I wouldn't want to try and get into a four year olds head either. I have a niece the same age, but still it would be very difficult to do. If you could do it and do it well I would say that you would be a great writer. Already twenty minutes into the interview I sat there awestruck at the things he has lived through.

"How long do you think it took you to develop each character?"

" I don't even know if the process is finished. You have a general idea for a character, but every time you put them in a scene and write more about them you learn more about them as a writer, and, of course, the readers learn more about them. It's almost an organic process with me. I know it's not the case with other writers. Some writers will sit down before they even start their book, and write a whole biography on their character; every important detail, every important part.

After you have completed a Game of Thrones do you think that you could have made the plot better?"

"I am a full time professional writer which means that writing my novels and screen play are my only source of income. That has certain consequences, which sometimes affect the way you do something like this. The series A Song of Ice and Fire is the over all title. It's extremely large. It will eventually be as large as six books. It's epically scale as Lord of the Rings or The Wheel of Time. The best way for me to do that would be to write the first draft of all six books, because as I'm writing book six ideas come to me, possibilities come to me then I can go back and change something in book two or put something in book one. Maybe I put something in book one and it doesn't work out the way I thought it would by the time I get to book six. So now I go back to book one and I change it. Except that's the perfect way to do it in a perfect world. If I didn't have to eat that would take a decade during which I would have no income if I did it that way. So obviously I can't do it that way. I wrote the first book, I polished the first book, I sold the first book, and then I started on the second book. Each book I write, you know, I want to go back to A Game of Thrones and say, "Wow I should I should really change that. I could put this thing here and change that it would come around nicely in book three." So you're limited to a certain extent more than you know. But in large I'm pretty pleased with it. Ideally If I win the New Mexico state lottery then I could finish all of them, and that would be even better.

Before finding this out I though most writers were full time writers. Yes winning the New Mexico state lottery would be great.

"How did you come up for the idea of A Game of Thrones?"

"I really didn't. It was an idea that came to me. I was working in Hollywood at the time, and I had sort of a low where I had nothing going on. I decided I would start a science fiction novel that I had been planning for some time called Avalon.

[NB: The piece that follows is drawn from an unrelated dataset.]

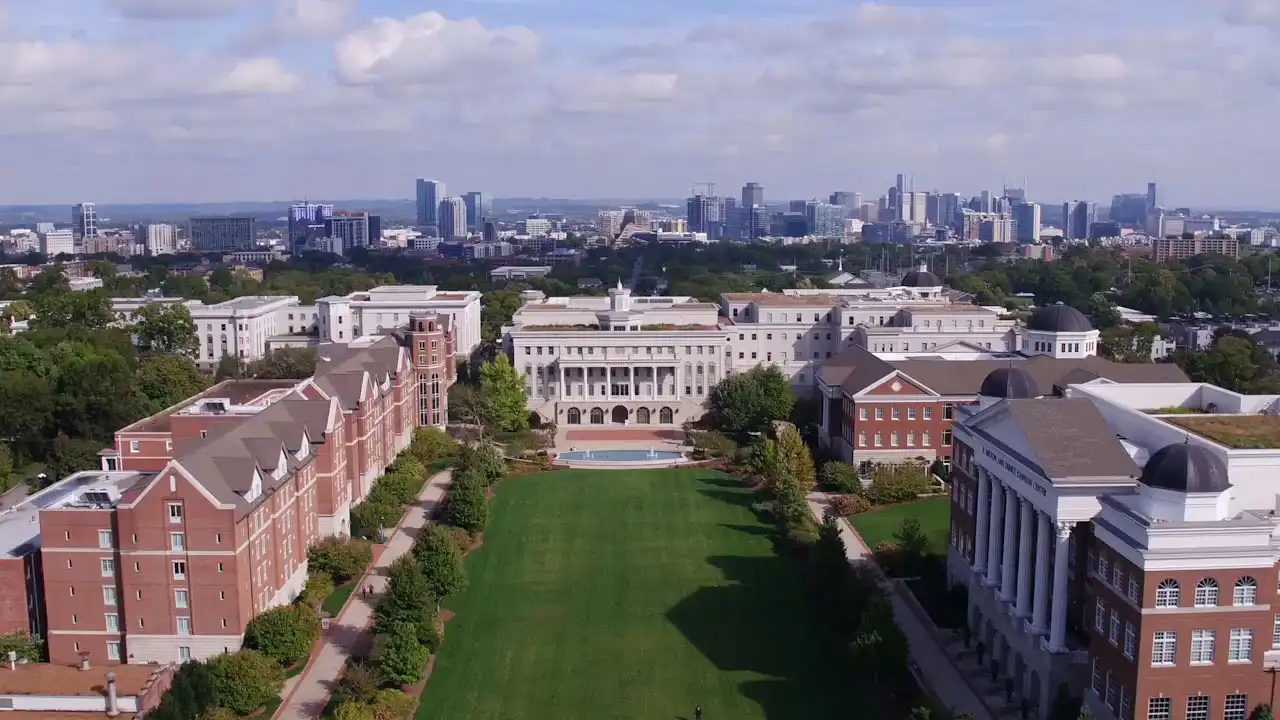An aerial view of Belmont's main lawn with Nashville in the distance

I was about thirty or forty pages into it when one day the idea came to me for the first chapter of A Game of Thrones, not the prologue, which I wrote later, but the first actual chapter where Brann finds the Direwolf pups in the summer snow. It came to me so vividly that I had to write it, so I put the other book aside, and I just sat down and got it down on paper. After that I knew what the second chapter had to be and then what the third had to be, and I could see the whole world flowing from there. I still haven't gone back to it in all the years since. Here I am still working on A Song of Ice and Fire, eleven years later."

I then handed him a list of books that I had a choice to do my book report on instead of A Game of Thrones. Then I asked him if his book, A Game of Thrones should be included in it.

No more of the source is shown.